The reporting requirement must survive the House-Senate conference to get into the final bill, but it stands as a clear signal that many in Congress want the military better prepared for a war with China.
Contradictions
The proposed Pentagon study would examine how China would meet its large energy and fuel demands during a blockade. It also would look at naval forces that would be used in a blockade and how China could circumvent the blockade, such as through alternate air and land routes.
The U.S.-led study also would examine blocking strategic chokepoints used by Chinese tankers, including the Strait of Malacca, the Taiwan Strait, the Sunda Strait between the Indonesian islands of Java and Sumatra, and the South China and East China seas.
Benjamin Zycher, a senior fellow at the American Enterprise Institute, said past administrations have used Strategic Petroleum Reserve drawdowns in futile attempts to lower fuel prices for American consumers. Unlike administrations that looked positively at domestic fossil fuel production, the Biden administration has adopted contradictory policies on energy use and production, he said.
They include a combination of “net zero” climate policies seeking an end to fossil fuel use and desperate efforts to avoid high gas prices that would have the effect of driving down demand for fossil fuels.

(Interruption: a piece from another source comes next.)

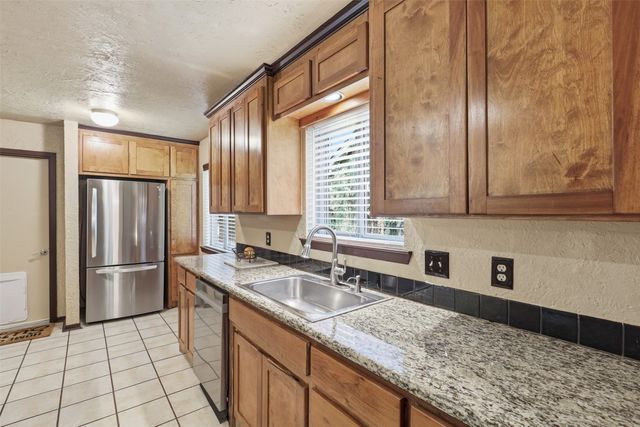 3702 Hastings Drive, Arlington, TX 76013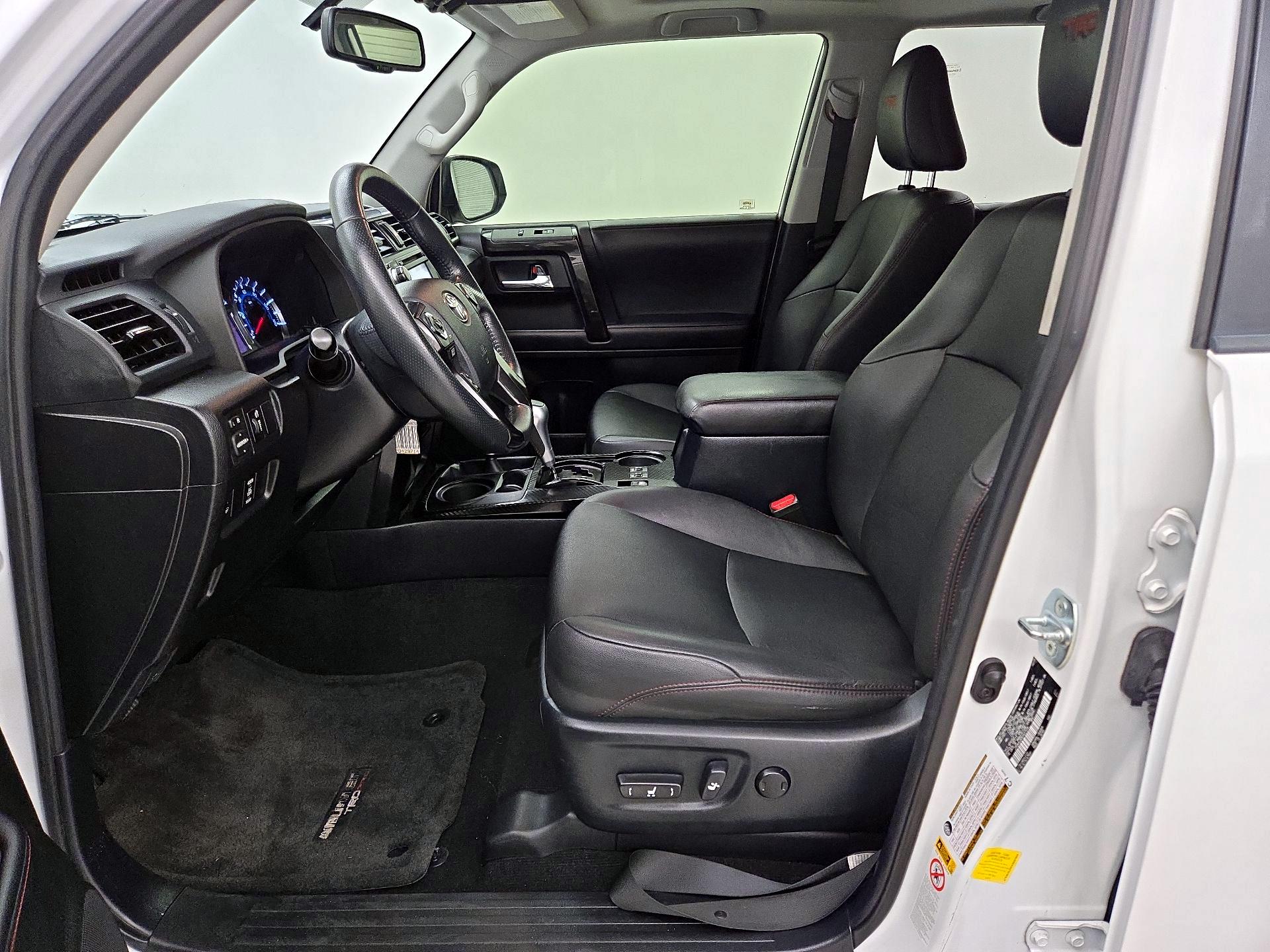 Thumbnail: 2019 Toyota 4Runner - 11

“These goals are impossible to reconcile. That is how we wind up with constraints on domestic oil production combined with supplication to the Saudis for increases in output,” Mr. Zycher stated in a 2022 article.
Mr. Zycher said the Strategic Petroleum Reserve drawdown could assist emergency preparedness. Commercial oil companies also have stocks of an estimated 400 million barrels per day, he said.